GIVEN RECORDS:
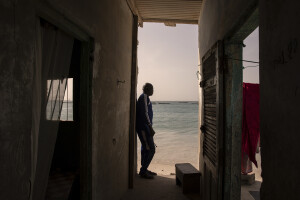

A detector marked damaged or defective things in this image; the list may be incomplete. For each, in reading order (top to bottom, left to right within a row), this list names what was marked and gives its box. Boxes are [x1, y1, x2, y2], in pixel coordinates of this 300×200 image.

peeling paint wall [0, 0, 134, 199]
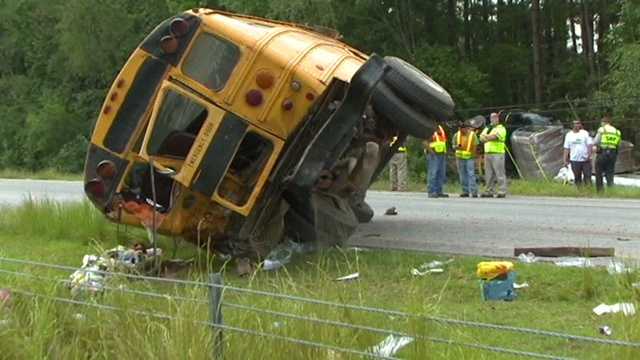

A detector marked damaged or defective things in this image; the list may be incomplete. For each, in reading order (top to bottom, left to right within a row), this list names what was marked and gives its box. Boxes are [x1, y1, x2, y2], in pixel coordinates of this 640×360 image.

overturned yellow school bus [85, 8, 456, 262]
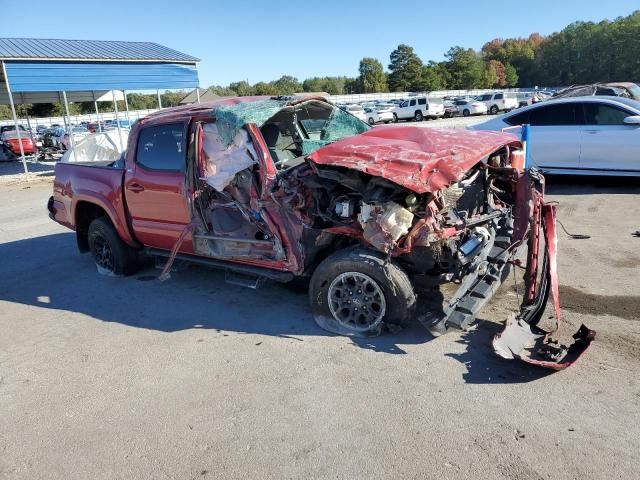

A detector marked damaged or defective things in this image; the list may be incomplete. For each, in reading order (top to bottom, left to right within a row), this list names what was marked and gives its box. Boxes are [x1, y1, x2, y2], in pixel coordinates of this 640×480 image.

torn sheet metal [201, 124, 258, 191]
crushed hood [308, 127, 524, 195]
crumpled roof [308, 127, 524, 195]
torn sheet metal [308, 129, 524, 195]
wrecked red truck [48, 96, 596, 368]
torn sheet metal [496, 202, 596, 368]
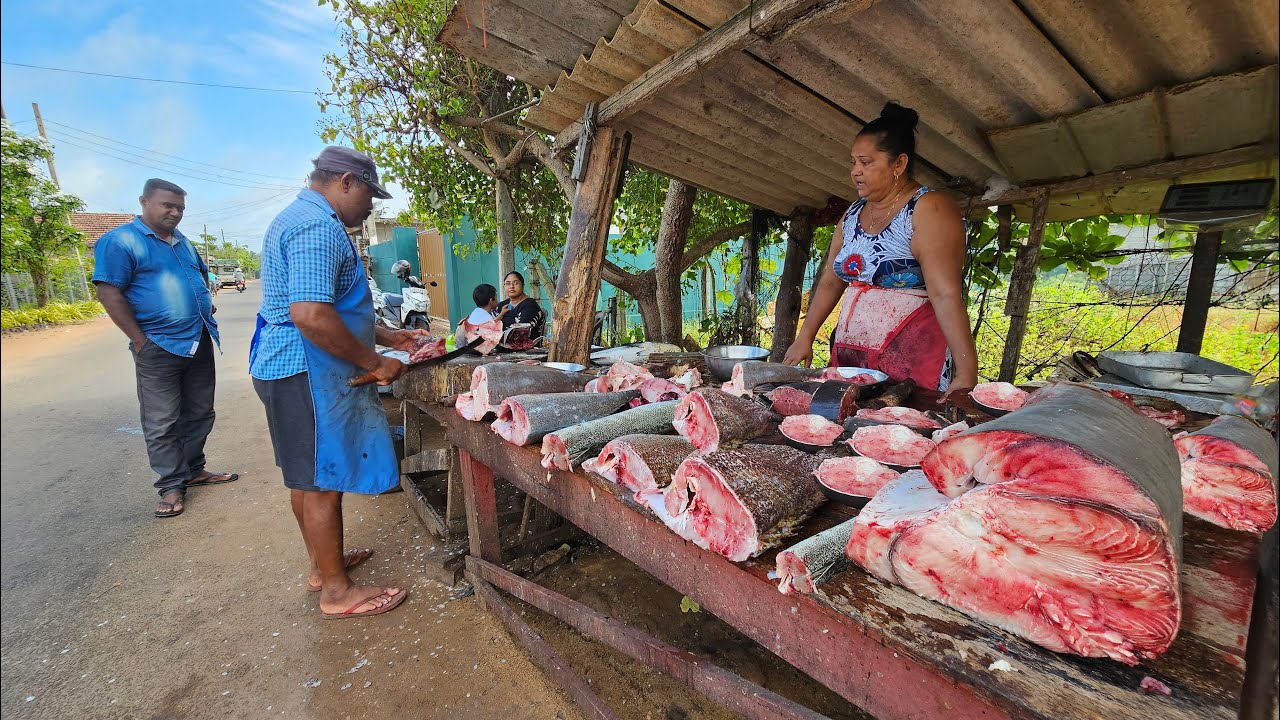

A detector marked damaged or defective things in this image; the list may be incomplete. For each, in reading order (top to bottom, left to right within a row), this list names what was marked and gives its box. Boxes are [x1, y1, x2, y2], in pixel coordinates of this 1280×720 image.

WORK INSTRUCTION: All lines from the line containing "this 640×480 image." through the end of the listing above are to be given again exactly; pictures are not part of the copy.

RESPONSE TO THE TASK:
A detector marked damaged or defective things in this image; the list may be incomplete. For each, in reading order (top to bottom, left to right within a row), this list names what was marked and gives its box. Boxes are [x1, y1, x2, y2], in pixel coordinates of this 640×480 image.

torn sheet metal [201, 124, 258, 191]
crushed hood [308, 127, 524, 195]
crumpled roof [308, 127, 524, 195]
torn sheet metal [308, 129, 524, 195]
wrecked red truck [48, 96, 596, 368]
torn sheet metal [496, 202, 596, 368]

A detector marked damaged or defective things in this image; the list may be incomplete. For each, in reading order (top to bottom, left to right within a row), this list names what was marked and gives its box. Boxes are [x1, y1, x2, y2], in pixel coordinates of this 1280×720 image.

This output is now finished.